Le plaisir, c’est aussi l’amour : « Je suis un homme de plaisir » dit Milan dans Les Mauvais coups. Tel Casanova « une femme après l’autre enchante. » [7]
La conquête est partie intégrante du plaisir. Il voit Valmont comme un stratège qui « fait l’amour comme un joueur d’échec ou un géomètre. » [8] Pour lui, « le siège de Mathilde de La Môle… est mené comme celui de la bataille de Cannes pour n’importe quel élève de l’école de guerre. » [9]
En 1936, le couple réside chez la sœur d’Andrée, 2 allée Kléber au Vésinet, tout en ayant un appartement au huitième étage de la rue Manin, dans le 19ème. Ils s’aiment et ils croient à la victoire du Front populaire et aux lendemains qui chantent. Et c’est la "divine surprise" : le Front populaire est une chance pour une France qui sera bientôt l’ultime rempart de la démocratie en Europe continentale.

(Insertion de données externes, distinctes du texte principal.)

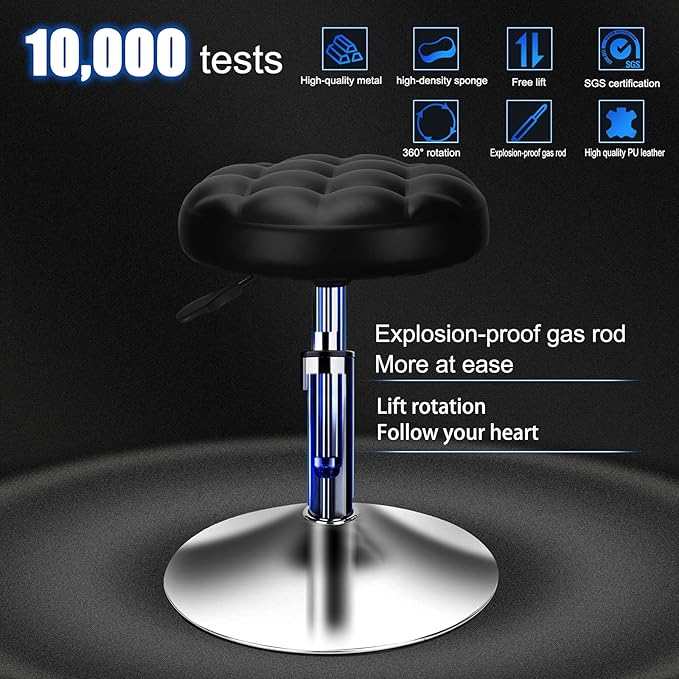 QiCheng&LYS Thick Padded Leather Shop Stool - Height Adjustable Counter & Desk Stool - Black Bread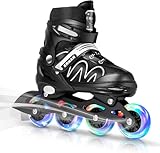 ERNAN Patines en línea Ajustables para niños y niñas con Ruedas de iluminación, para Principiantes y Jóvenes Patines de Ruedas para Niños Grandes en Exteriores e Interiores (White, L)
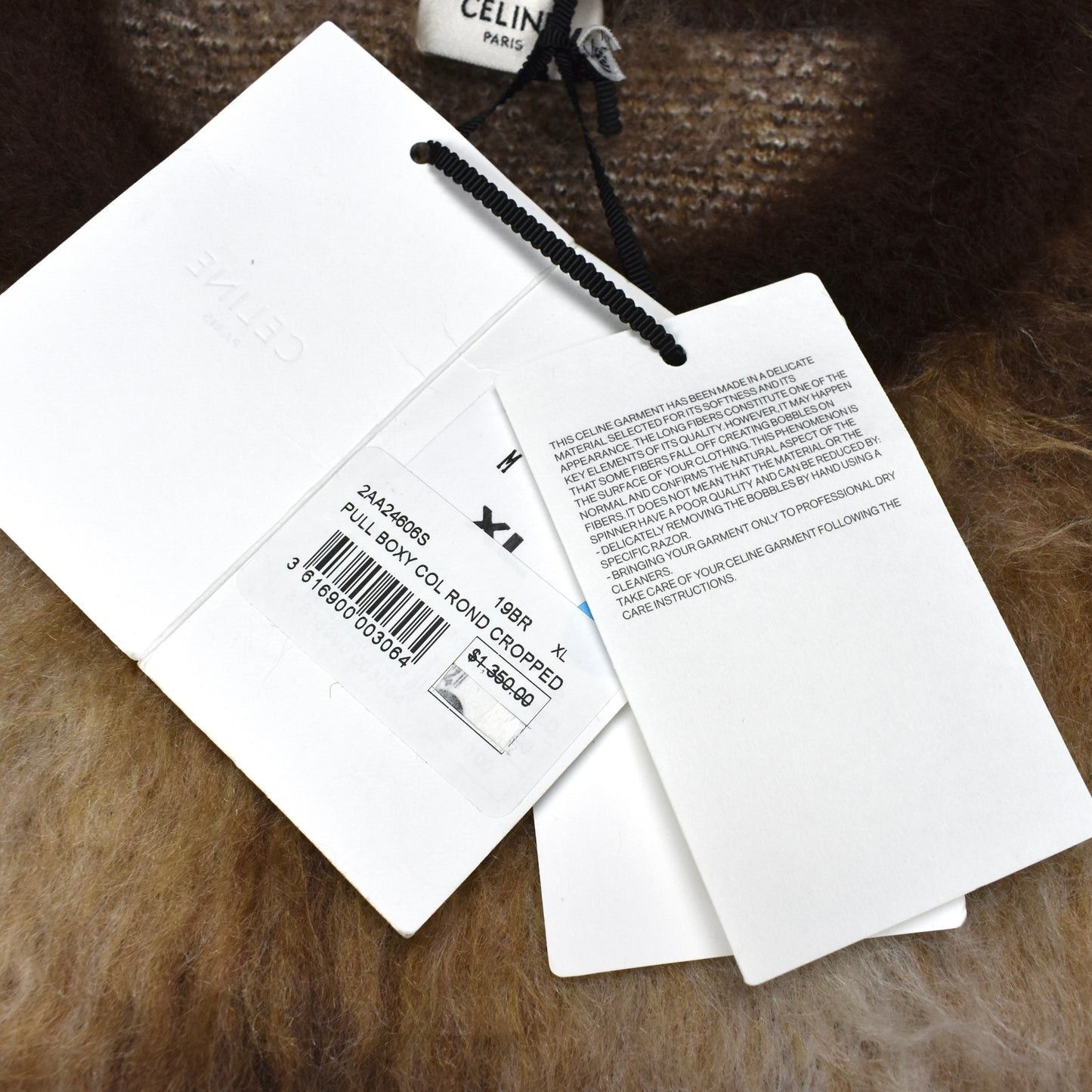 Celine × Hedi Slimane Celine FW24 Fuzzy Mohair Heavy Knit Boxy Sweater Brown Size US XL / EU 56 / 4 - 5 Thumbnail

Pour fêter la victoire, il écrira un roman historique sur la vie aventureuse de Jean-Baptiste Drouet, l’homme à l’origine de l’arrestation de Louis XVI à Sainte-Ménéhould, avec son rédacteur en chef, intitulé Un homme du peuple sous la Révolution.
Mais l’embellie disparaît rapidement derrière de gros nuages gris qui annoncent la guerre. Vailland est à nouveau "désenchanté", sans perspectives, sombrant dans la drogue avec Andrée.
En mai 1940, c’est la Débâcle et son journal se replie à Lyon fin 1940 où il habite 67 cours Gambetta près du Rhône dans le quartier de la Place du pont. La période de déprime continue, même s’il écrit un fascicule intitulé Suède 40 puis un reportage elliptique sur Cortès et son aventure mexicaine, paru en feuilleton en 1941, [10] sans doute pour illustrer loin de la France le fonctionnement d’une dictature.
Pour lui, cette décennie s’est surtout écoulée entre nuits folles de Montparnasse et reportages. Son engagement fin 42 dans la Résistance s'explique autant par sa volonté de changer de vie qu'à « la part de hasard… sur laquelle s’articule une vie. » [11]
Notes et références
[1] Un jeune homme seul p 107
[2] Écrits intimes, p 638-639
[3] Voir son roman-feuilleton La Visirova, paru en feuilleton en 1933, paru en livre aux éditions Messidor en 1986, préface de René Ballet, 199 pages;
[4] Voir Leïla ou les ingénues voraces, roman-feuilleton paru en 1932, réédité dans Chronique tome I en 1984.
[5] Geneviève Vailland, "L’enfant couvert de femmes", revue Entretiens
[6] François Bott, Entretien paru dans Lui en juillet 1964
[7] Formule qu’il reprend dans Le Regard froid, essai intitulé "Les 4 figures du libertinage"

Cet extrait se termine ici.